Exalt Communications has "reinvented" itself as a new company, Exalt Wireless, and is hoping to leave its troubled recent past behind.

Exalt Communications Inc. was struggling for additional funding in the tough microwave backhaul market. In September, it shuttered its HQ in Campbell, Calif. for 10 days as it undertook an insolvency procedure that is an alternative to bankruptcy: The procedure is supposed to make it easier and quicker for creditors to get paid.

The Exalt management team bought the assets after the Assignment for the Benefit of Creditors (ABC) procedure had started. Now the team are setting up as a new company, Exalt Wireless, although the company's management and headquarters, and webpage URL remain the same as Exalt Communications. (See Exalt CEO: Company Lives On Following Management Buyout and Exclusive: Microwave Maven Exalt Is Cooked.)

CEO Amir Zoufonoun sent a note about the "reinvented" company to its entire database -- and Light Reading -- Tuesday morning. Describing copper as "dead" and fiber as "too expensive," Zoufonoun says that Exalt now has an opportunity to bridge the "bandwidth gap" with its wireless backhaul products.

"The new Exalt intends to support its installed base and to serve its broad customer base by offering the same popular brands such as ExtendAir, G2, ExploreAir, ExtremeAir, eMIMO, ExpandAir, and the legacy EX-Series, while continuing to develop additional new backhaul and access products," the CEO writes.


Need to know more about how network operators can scale and optimize their backhaul networks in a 4G/LTE world? Then check out the agenda for Backhaul Strategies for Mobile Operators, October 29, at the Westin Times Square, New York.


Learning our ABCs
The Assignment for the Benefit of Creditors process requires the company to assign a third-party "assignee" to handle the liquidation of its assets and payment to creditors. Exalt Communications named "Exalt (assignment for the benefit of creditors) LLC" as its third party on September 23. The third party then has a month to send a notice to creditors and the creditors have up to six months to respond with claims.

As has happened here, the asset sale can take place in parallel with the process of informing creditors and getting claims back.
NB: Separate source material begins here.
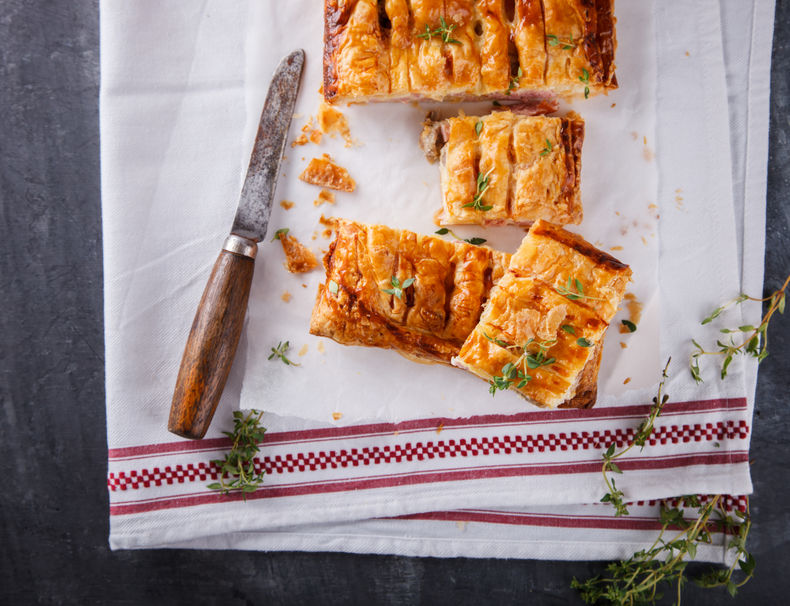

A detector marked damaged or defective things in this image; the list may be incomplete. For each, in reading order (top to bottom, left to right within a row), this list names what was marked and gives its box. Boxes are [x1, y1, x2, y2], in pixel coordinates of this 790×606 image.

Creditors have started to receive a "Notice of Assignment for the Benefit of Creditors and Deadline for Submitting Claims" dated October 23. Creditors that feel they have a claim against Exalt Communications should submit a claim before March 22, 2015, the notice, which Light Reading has seen, says.

The banks, "by far the largest creditors" in Exalt Communications, chose "Assignment for the Benefit of Creditors" (ABC) as "the process for the wind down," CEO Zoufonoun writes in an email to us.

"An Assignment for the Benefit of Creditors is a well-established tool that is an alternative to bankruptcy and can provide a benefit to troubled companies and present an opportunity for potential buyers," writes the American Bar Association in a helpful primer on the process.

    Through an Assignment, the insolvent company's assets can be sold quickly and efficiently, and the liquidation proceeds can be distributed to creditors shortly thereafter. In general, after the secured creditors are paid first, then tax and wage claims are paid.

The Association says that the process is analogous to a Chapter 7 liquidation. In California, however, a company doesn't have to file court papers when an ABC is undertaken.

"We [Exalt Wireless] stepped in and bought the assets post ABC," the CEO tells us.

Therefore, Zoufonoun writes, the new company is not Exalt Communications and has no liability: "As a corporation, Exalt Wireless is not at all, in any shape or form, associated with Exalt Communications, and not responsible for anything associated with Exalt Communications."

The banks -- by far the largest lenders remember -- are typically among the secured creditors. So the third-party assignee, the Exalt LLC, will likely endeavor to pay them first with whatever proceeds the asset sale made.

"Other creditors are companies we will most likely continue to do business with," he tells Light Reading. "In the long run, everyone benefits by doing more business."

To that end, Exalt Wireless is working on new products that it expects to announce in the first quarter of 2015.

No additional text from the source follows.